=== ASSIGNED TASK ===
Retype each record below word for word. Leave the pictures out.
##### GIVEN ENTRIES #####
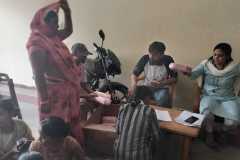IMG-20250410-WA0287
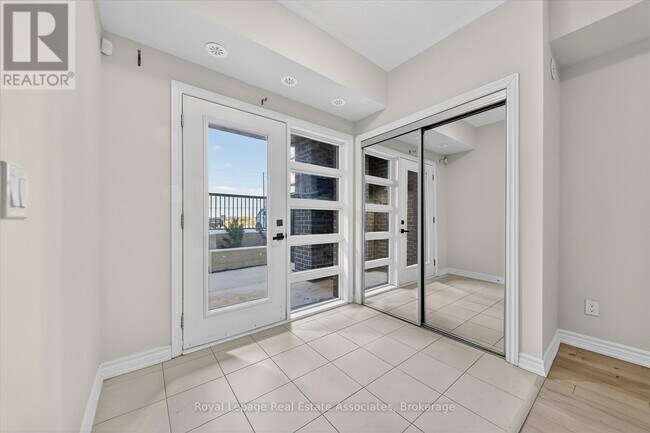 Building Photo - 349 Wheat Boom Dr.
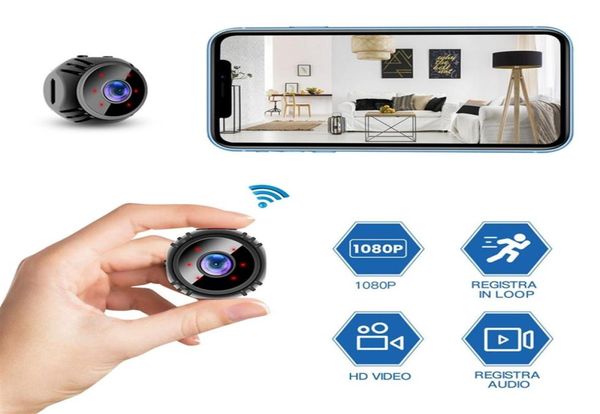 other surveillance products small hidden camera wireless wifi monitoring security antitheft 300 000 pixels 8g128gb memory expans2334549
other surveillance products small hidden camera wireless wifi monitoring security antitheft 300 000 pixels 8g128gb memory expans2334549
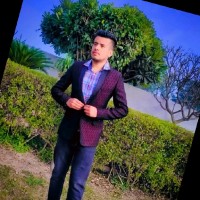 Deepak Sharma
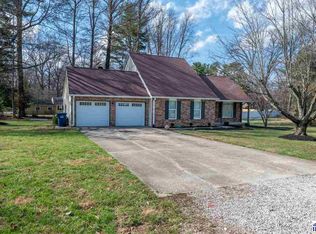 195 Deming Ln, Terre Haute, IN 47803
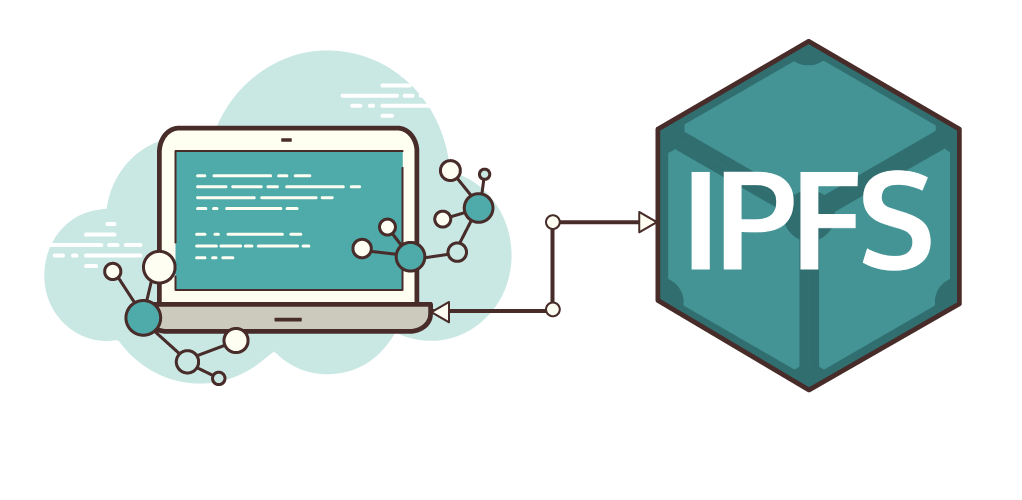 Introduction to Technical Framework and Applications of IPFS IMG N01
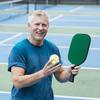 Racket Pack Neoprene Pickleball Paddle Cover Pickleball Racket Sleeve Pickleball Paddle Protect Case Dust Cover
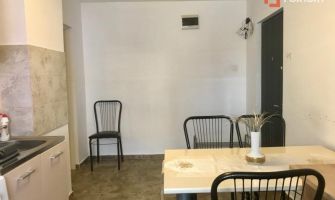 Apartament 2 camere - Complex - ID V397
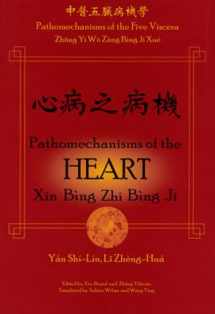 9780912111797-0912111798-Pathomechanisms of the Heart
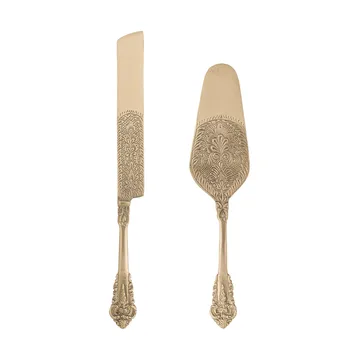 Kalima kakkulapiosarja 2 osaa. - Messinki - Bloomingville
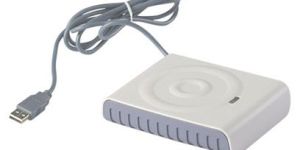 USB Mi Fare Card Encoders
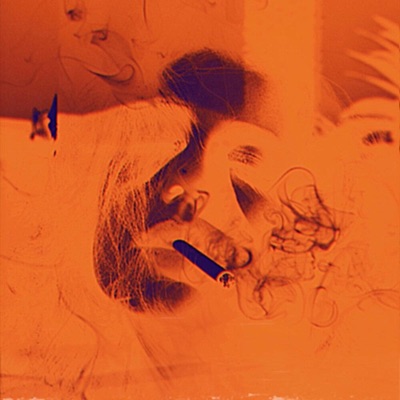 Zhup Up We Zpitten Zhit (feat. $iren) - Single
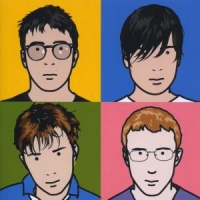 Blur - The Best Of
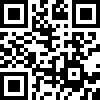 https://khabaronline.ir/xnLN5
#####
=== FINAL ANSWER ===
IMG-20250410-WA0287
 Building Photo - 349 Wheat Boom Dr.
 other surveillance products small hidden camera wireless wifi monitoring security antitheft 300 000 pixels 8g128gb memory expans2334549
other surveillance products small hidden camera wireless wifi monitoring security antitheft 300 000 pixels 8g128gb memory expans2334549
 Deepak Sharma
 195 Deming Ln, Terre Haute, IN 47803
 Introduction to Technical Framework and Applications of IPFS IMG N01
 Racket Pack Neoprene Pickleball Paddle Cover Pickleball Racket Sleeve Pickleball Paddle Protect Case Dust Cover
 Apartament 2 camere - Complex - ID V397
 9780912111797-0912111798-Pathomechanisms of the Heart
 Kalima kakkulapiosarja 2 osaa. - Messinki - Bloomingville
 USB Mi Fare Card Encoders
 Zhup Up We Zpitten Zhit (feat. $iren) - Single
 Blur - The Best Of
 https://khabaronline.ir/xnLN5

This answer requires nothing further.